_Source data_
+++
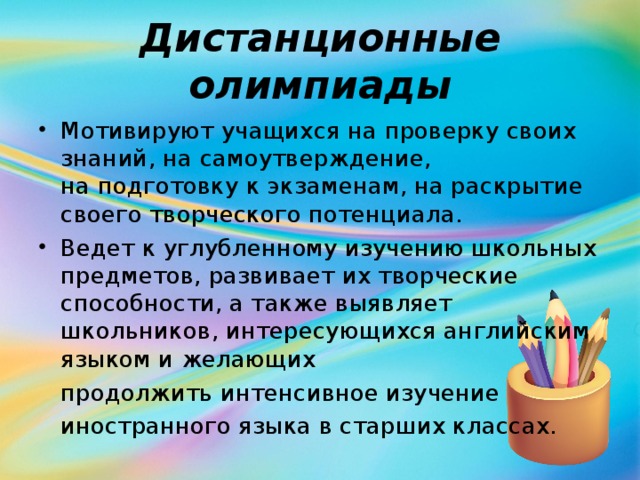 Дистанционные олимпиады Мотивируют учащихся на проверку своих знаний, на самоутверждение, на подготовку к экзаменам, на раскрытие своего творческого потенциала. Ведет к углубленному изучению школьных предметов, развивает их творческие способности, а также выявляет школьников, интересующихся английским языком и желающих  продолжить интенсивное изучение  иностранного языка в старших классах.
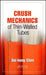 Crush Mechanics of Thin-Walled Tubes by Dai-heng Chen
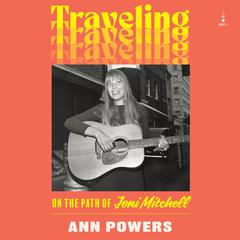 Traveling: On the Path of Joni Mitchell Audiobook, by Ann Powers
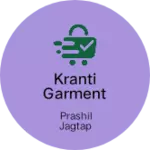 Business logo of Kranti garment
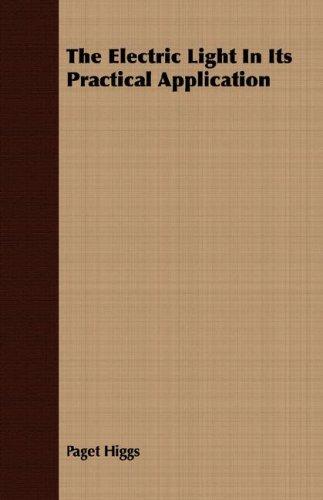 Cover for The Electric Light In Its Practical Application
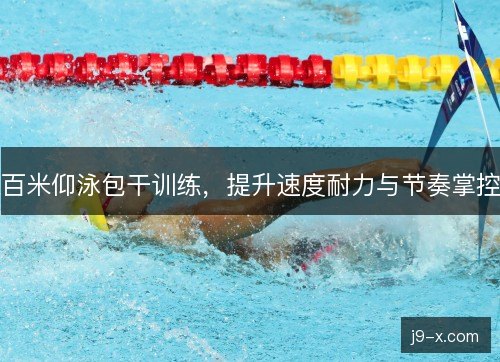 百米仰泳包干训练，提升速度耐力与节奏掌控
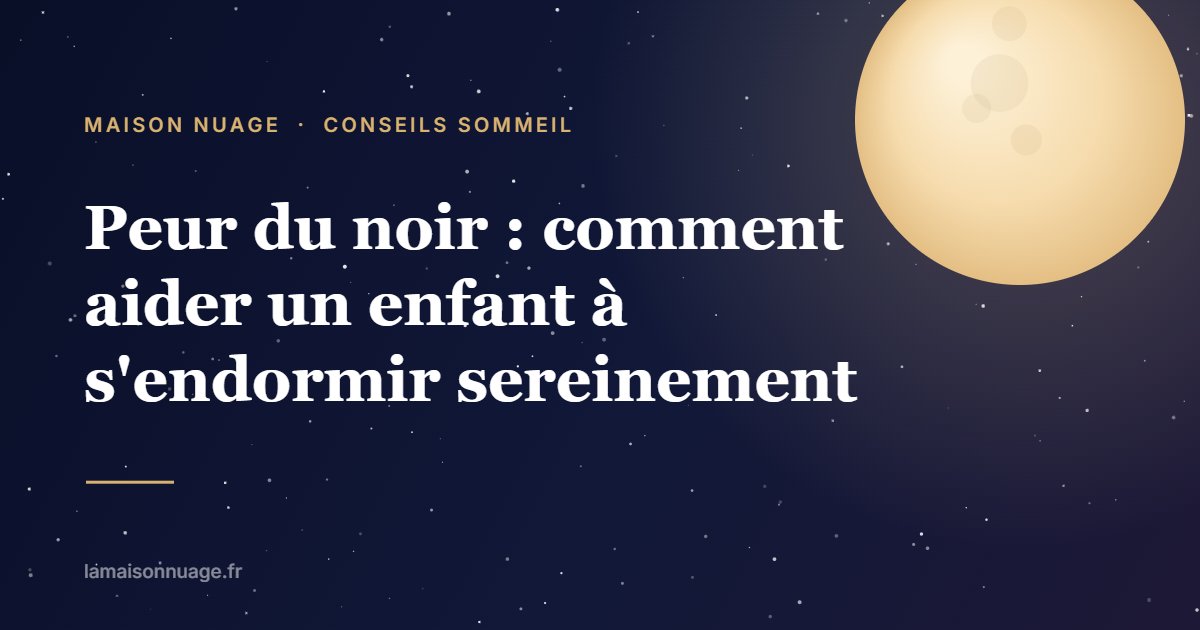 Peur du noir : comment aider un enfant à s'endormir sereinement | Maison Nuage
+++
_How to complete this task_
Retype, exactly and only, the lines from the one containing "Cover for The" through the end of the entries, both ends included, and omit all pictures.

_Solution to this problem_
 Cover for The Electric Light In Its Practical Application
 百米仰泳包干训练，提升速度耐力与节奏掌控
 Peur du noir : comment aider un enfant à s'endormir sereinement | Maison Nuage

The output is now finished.